Das Foto löste eine Reihe von Gefühlen aus, die ich nicht einordnen konnte. Unsicher, ob ich das wollte, nahm ich Züleyha die Kamera aus der Hand und sah mir die Gesichter genauer an.

Das war ich... mit... Eşkazan. Das Merkwürdige dabei war, dass die Szene im Foto leblos wirkte. Ich hatte keinerlei Erinnerung an so einen Moment, geschweige denn, an ein Foto. Toprak hatte gesagt, dass bei der Zwangsausräumung unserer Wohnung alles verschwunden war, an das ich mich vielleicht hätte erinnern können. Was suchte jetzt dieses Foto bei Züleyha?

Plötzlich läutete eine kleine Glocke und tausend Stimmen schossen mir durch meinen Kopf. Kann ich wieder hören, oder sind das Erinnerungen? Ich wagte es nicht, mich zu bewegen und ließ es zu. Einige kannte ich aus meinen Albträumen, aber noch nie zuvor waren die Stimmen so direkt hörbar. Nicht wie unterwasser, sondern klar und deutlich, als ob ich mein Gehör wieder hätte!

»Das ist nie passiert, alles klar?«
»Yusuf, Zeit für's Training!«
»Niemals, Junge.«
»Das ist illegal!«
»Kommst du später?«

Ich spürte Toprak, wie er an mir rüttelte und etwas gebärdete, aber ich blickte wie versteinert auf den goldenen Anhänger der Kamera und konzentrierte mich auf die Stimmen in meinem Kopf.

»Ja, die ist total süß.«
»Yusuf? Bist du zuhause?«
»Ich vertraue denen nicht!«
»Wie war die Schule?«
»Wehe du sagst das jemandem!«
»Toprak, pass auf!«
»Wir sind von der Schülerzeitung.«
»Ich heiße Züleyha.«

»Züleyha« betonten meine Lippen. Toprak ließ mich endlich los. Meine kurze Starre hatte ihn wohl erschreckt.
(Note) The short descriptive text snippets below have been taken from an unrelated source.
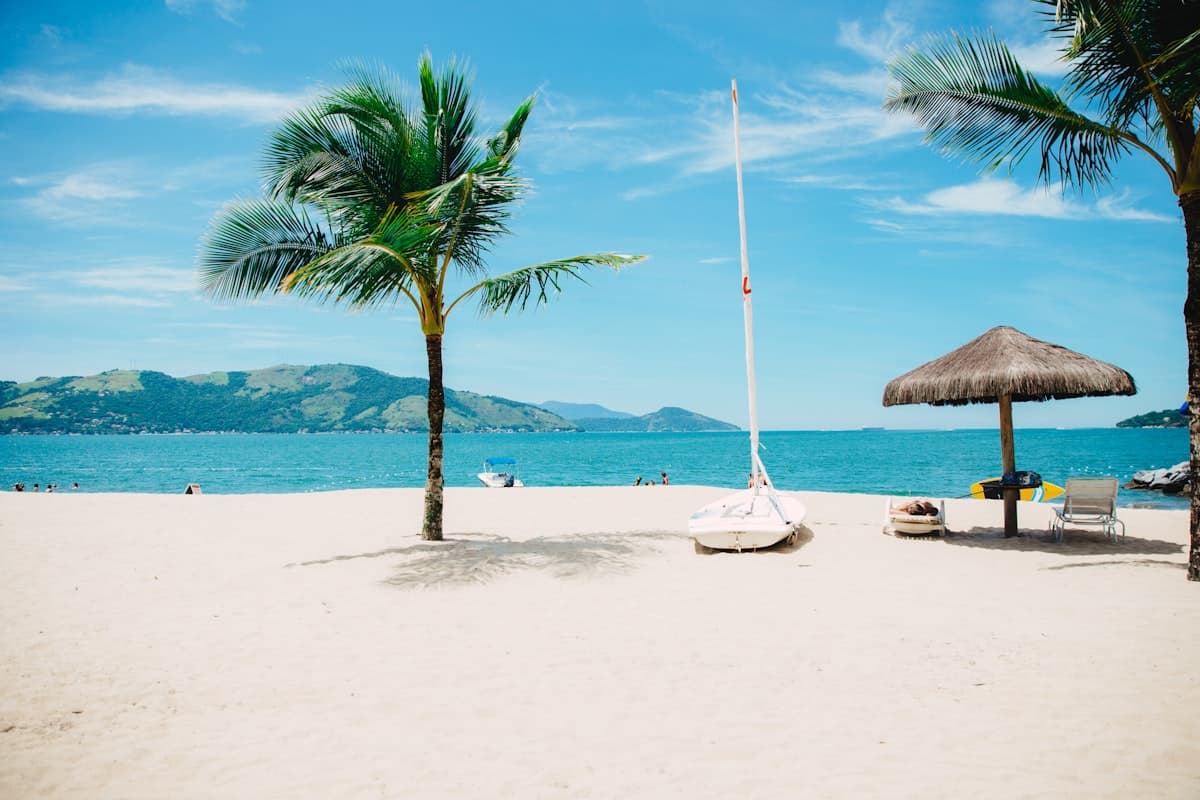 Tropical beach with palm trees, sailboat and umbrella — family-friendly Labor Day 2026 getaway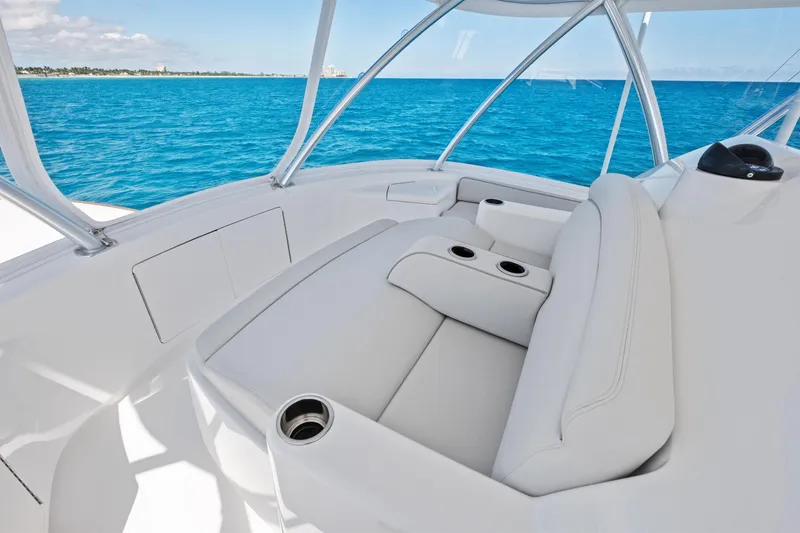 Slide: The Image of 2025 Viking 64 Convertible yacht interior with luxurious seating and ocean view. - 20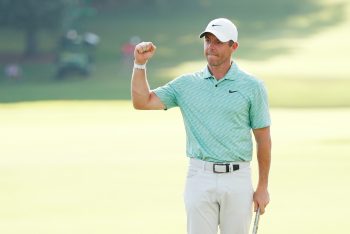 Rory McIlroy celebrates after winning the 2022 Tour Championship.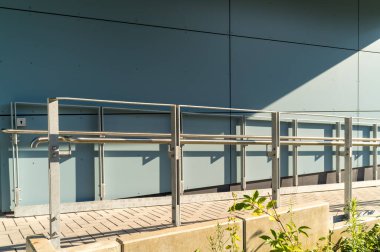 ramp for wheelchair users at office building clipart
»Ist alles okay?« gebärdete Züleyha besorgt.

»Nichts ist okay« sprach ich und blickte zu meinem Bruder »Ich glaube, ich werde verrückt. Jetzt bilde ich mir Stimmen ein, die mit mir reden.«

Züleyha wirkte plötzlich wütend und stellte sich direkt vor Toprak und redete etwas, was ich von der Seite nicht lesen konnte. Wieso konnte ich mich nicht an Ünals Gesicht erinnern, wenn ich doch ein Foto von uns zwei direkt vor Augen hatte? Gehörte eines der Stimmen in meinem Kopf etwa ihm?
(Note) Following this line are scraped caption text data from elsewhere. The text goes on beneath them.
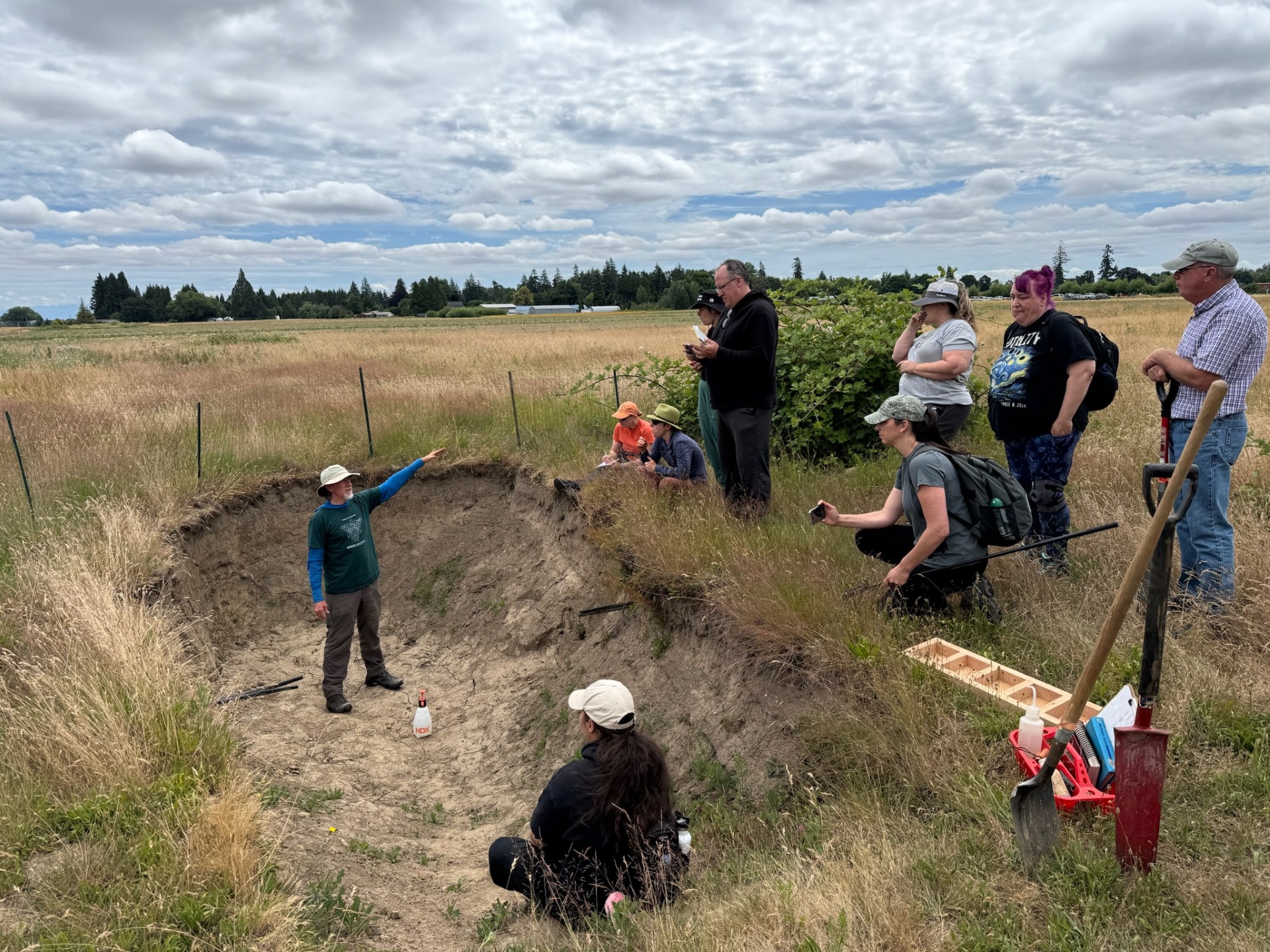 SSW picture 2 SSW participants looking into a soil pit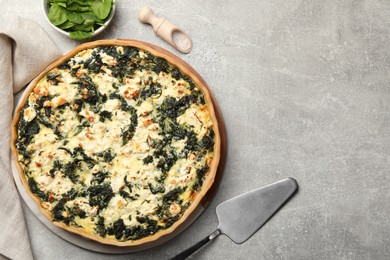 Photo of Delicious homemade quiche, fresh spinach leaves and spatula on light gray table, flat lay. Space for text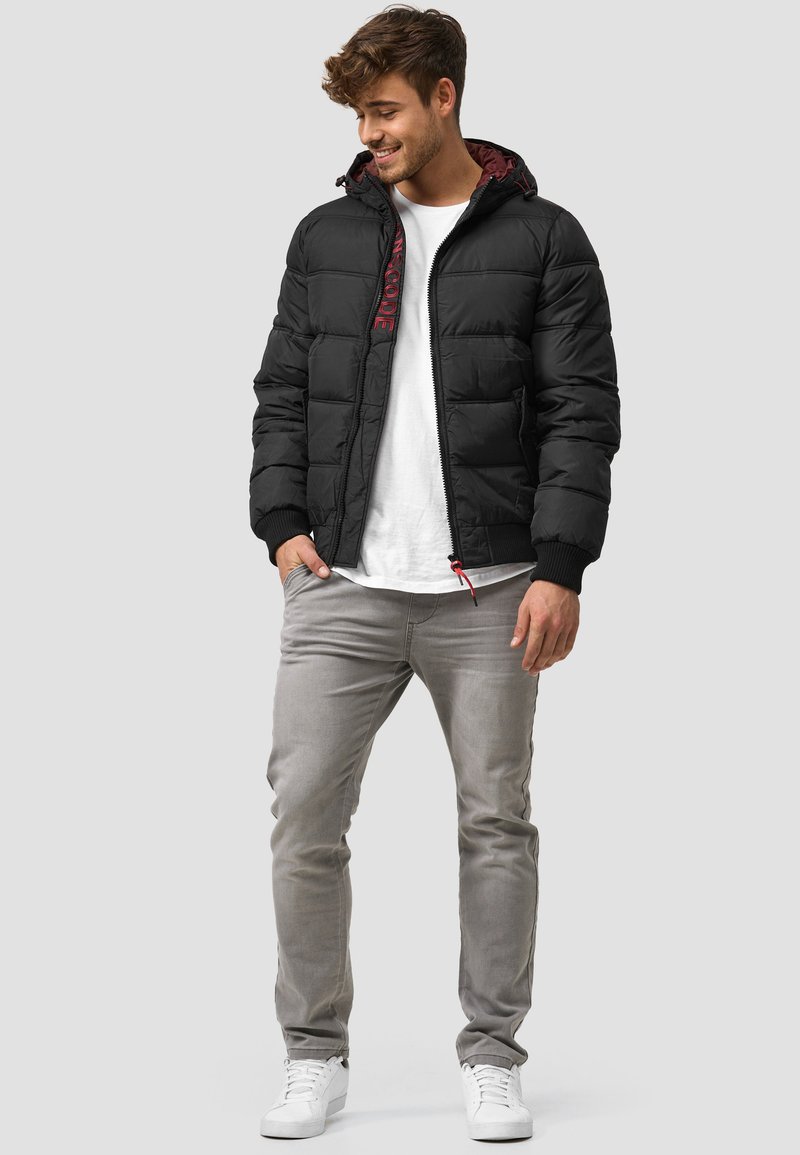 Schwarze gepolsterte Jacke mit einem Reißverschluss, ausgestattet mit einer bordeauxrot gefütterten Kapuze, gerippten Bündchen und einem bestickten Etikett. Kombiniert mit hellgrauen Jeans und weißen Sneakern.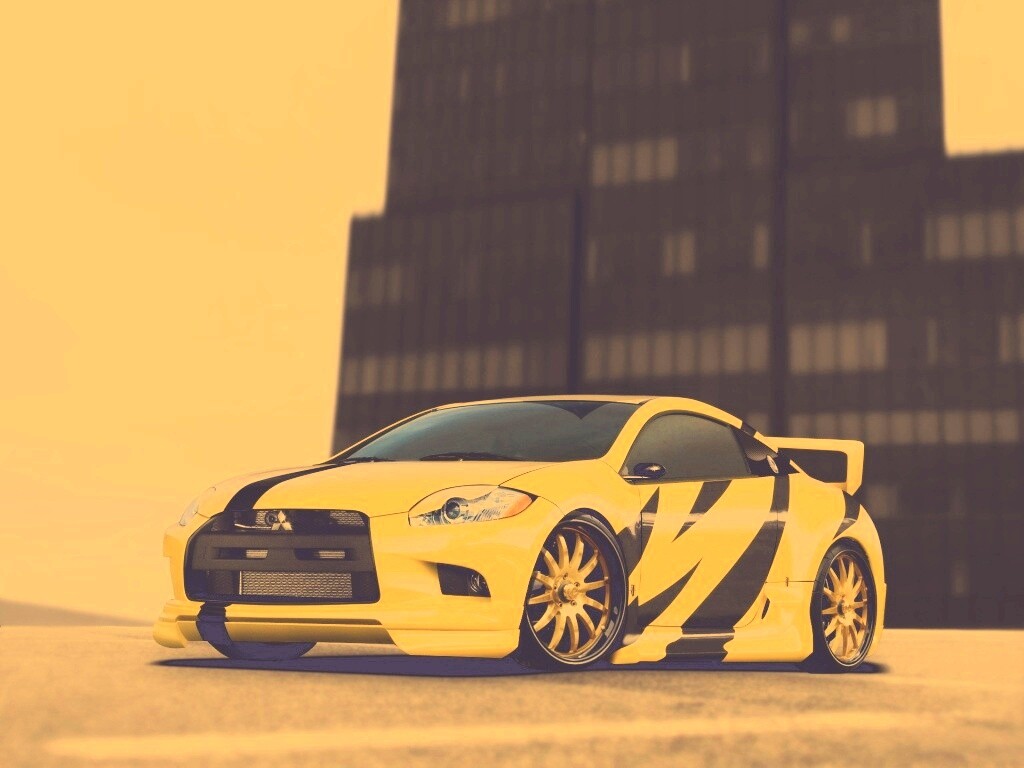 Mitsubishi жёлтого цвета с черными полосами обои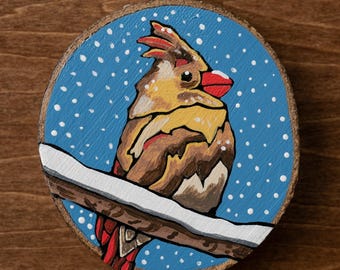May include: Hand-painted wooden ornament featuring a cardinal bird perched on a snow-covered branch. The bird has red, yellow, and brown feathers against a blue background with white snow dots. A metal hook and twine are attached for hanging.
All die Zeit dachte ich mir, wie verzweifelt ich doch sein musste, um mir Züleyhas Stimme im Kopf auszumalen. Ihre Stimme musste mir doch genau so fremd sein, wie ihr Gesicht? Wieso hatte sie am Vapiano dann so vertraut gewirkt? Wieso überkommt mich dann jedes Mal ein belebendes Gefühl, wenn ich sie mit ihrer Kamera sehe.

...ich heiße Züleyha.
...Schülerzeitung....
...für's Training!

»Stopp!!« brülle ich tief aus dem Hals und hielt instinktiv meine Ohren zu »Seid still!! Sofort!« Ich kniete mich auf den Boden und drückte meine Augen fest zu. Es war zu viel.
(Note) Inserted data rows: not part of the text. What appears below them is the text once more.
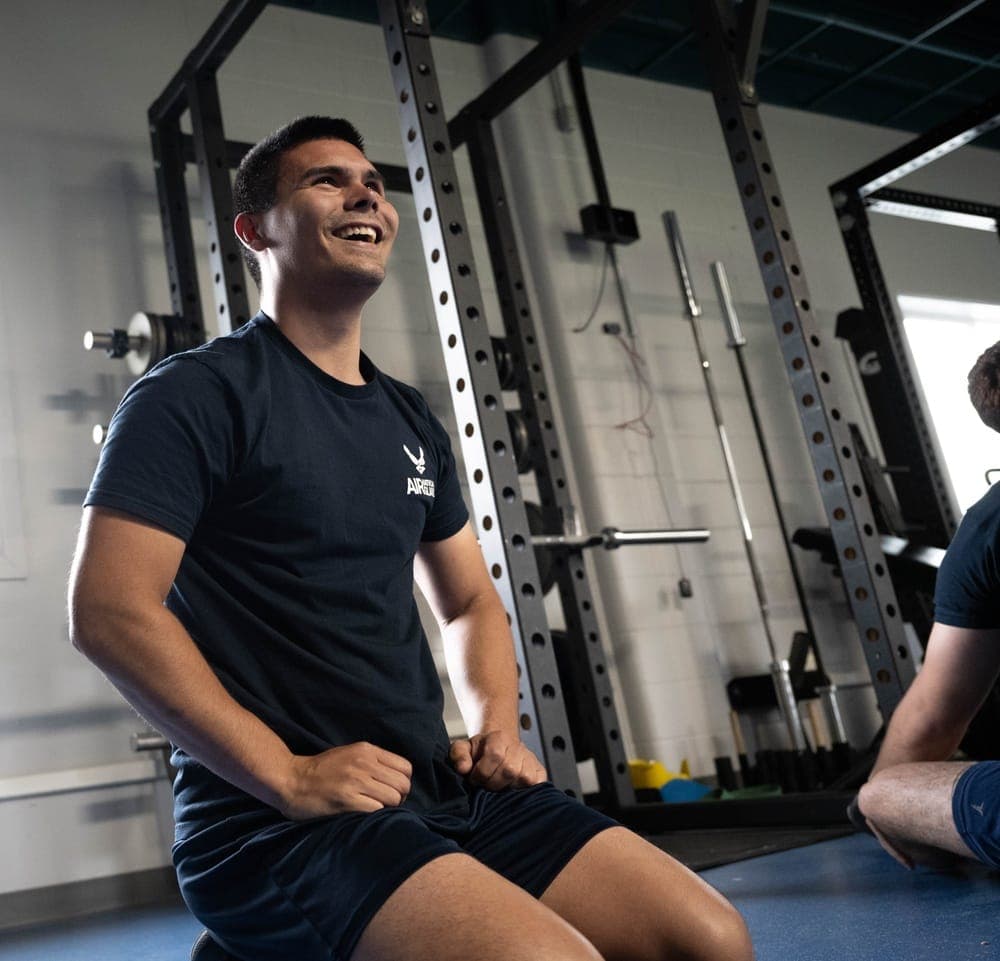 Air Force recruits participating in physical training during a DEP fitness session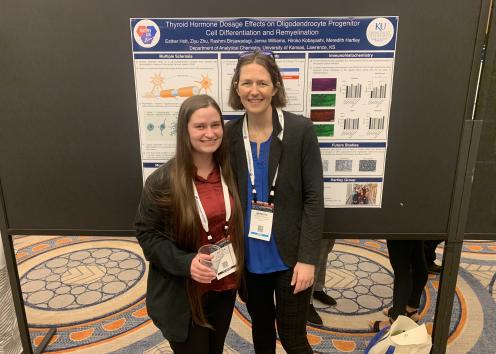 Two people stand in front of a poster.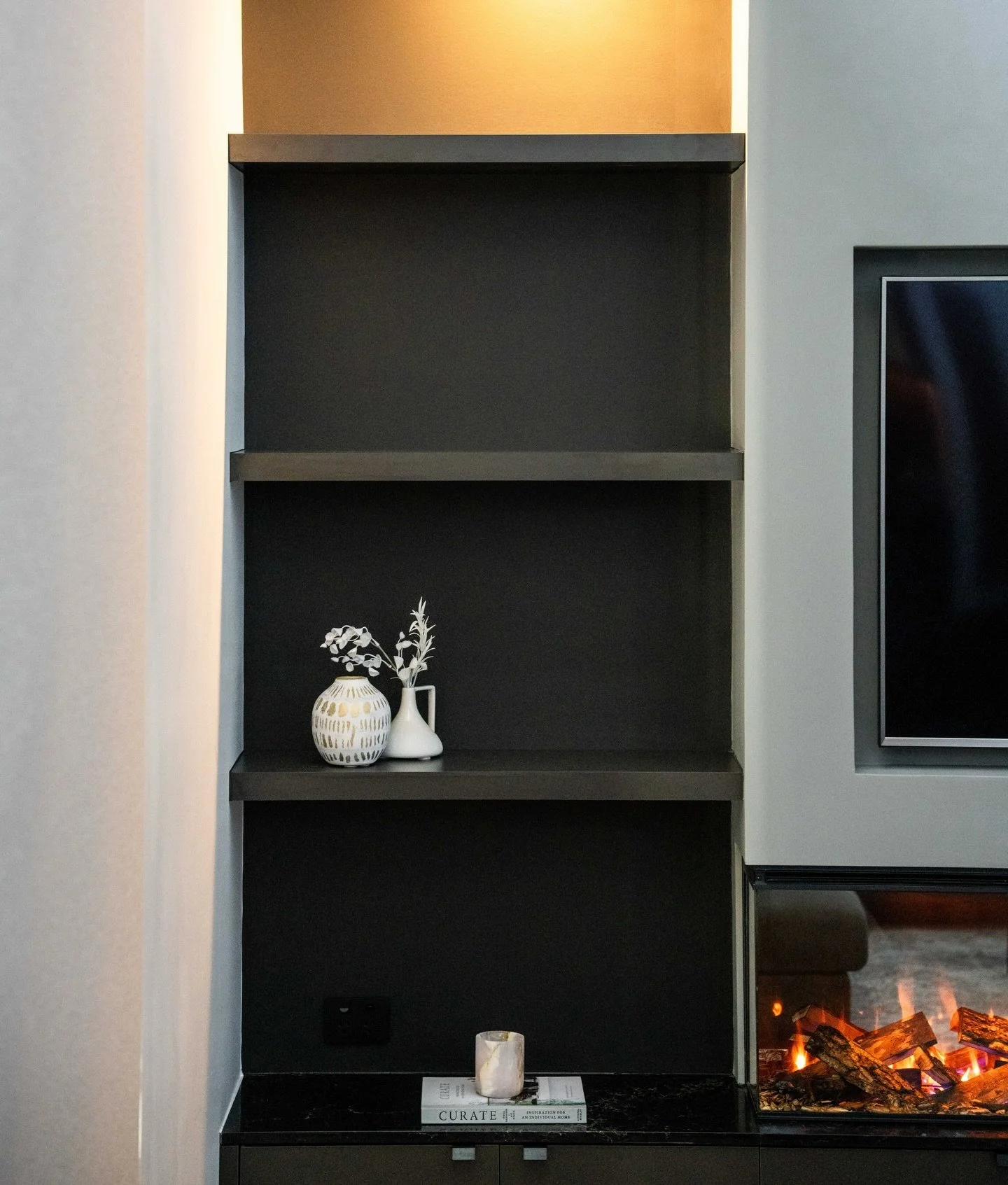 A sleek model cabinetry finish to compliment a new 3 sided @house.of.smoke.and.fire slimline fire place. 

#renovations #canberrarenovations #g6concepts #fireplace #cabinetry #design #interiordesign #business #trade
Zwei kalte Hände berührten meine Hände, die zwecklos meine Ohren verdeckten. Ich öffnete meine Augen und fand Züleyha vor mir. »Was ist los« las ich an ihren Lippen. Ich schüttelte meinen Kopf, denn ich wusste es selbst nicht. Deshalb antwortete ich

»Die Stille, Züleyha, sie ist zu laut.«

»Was hörst du« gebärdete sie fragend.